Would you copy the listing below exactly, keeping the pictures out?
*** Opening of Data ***
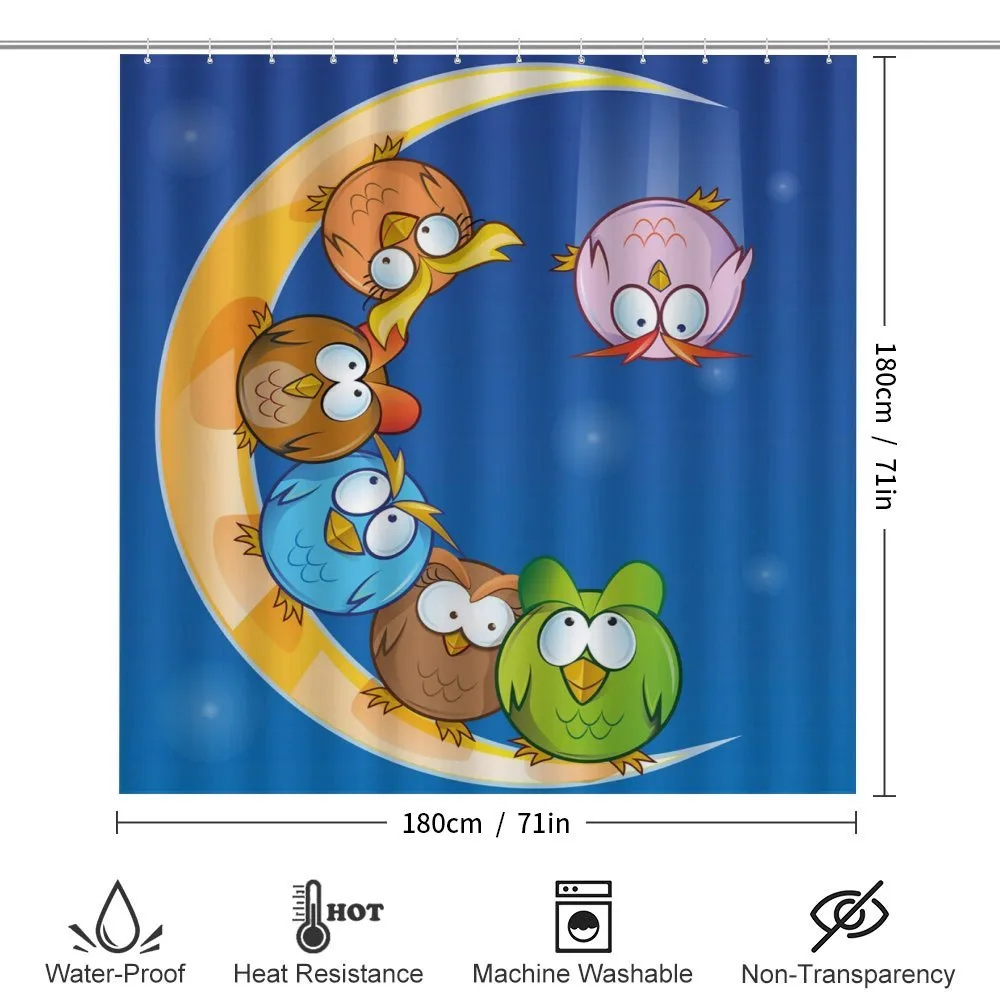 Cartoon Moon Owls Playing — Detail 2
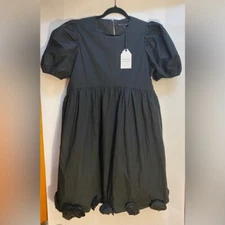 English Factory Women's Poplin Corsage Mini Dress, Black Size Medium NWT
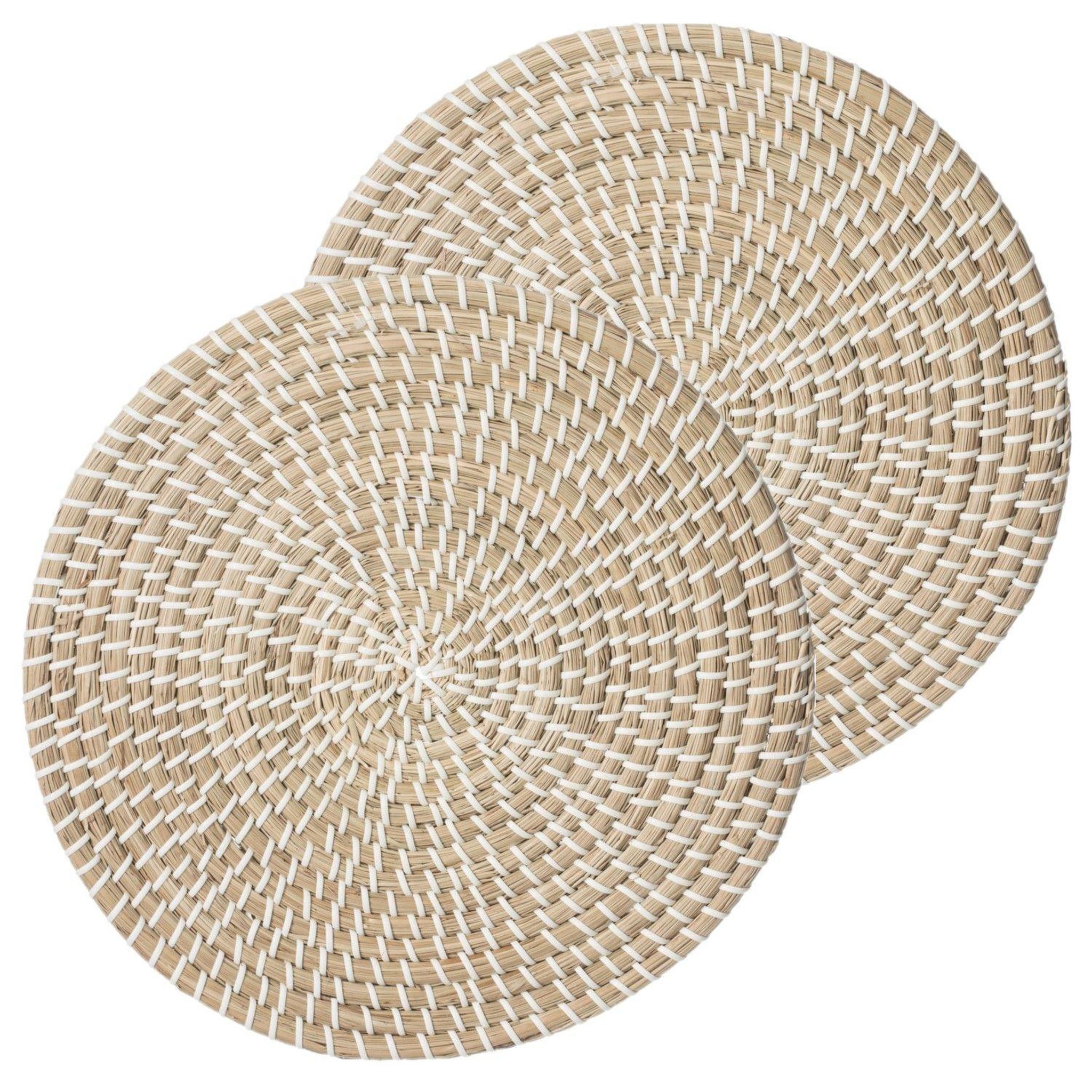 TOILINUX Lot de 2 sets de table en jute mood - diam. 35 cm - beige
*** Close of Data ***
* _Response to the task_:
 Cartoon Moon Owls Playing — Detail 2
 English Factory Women's Poplin Corsage Mini Dress, Black Size Medium NWT
 TOILINUX Lot de 2 sets de table en jute mood - diam. 35 cm - beige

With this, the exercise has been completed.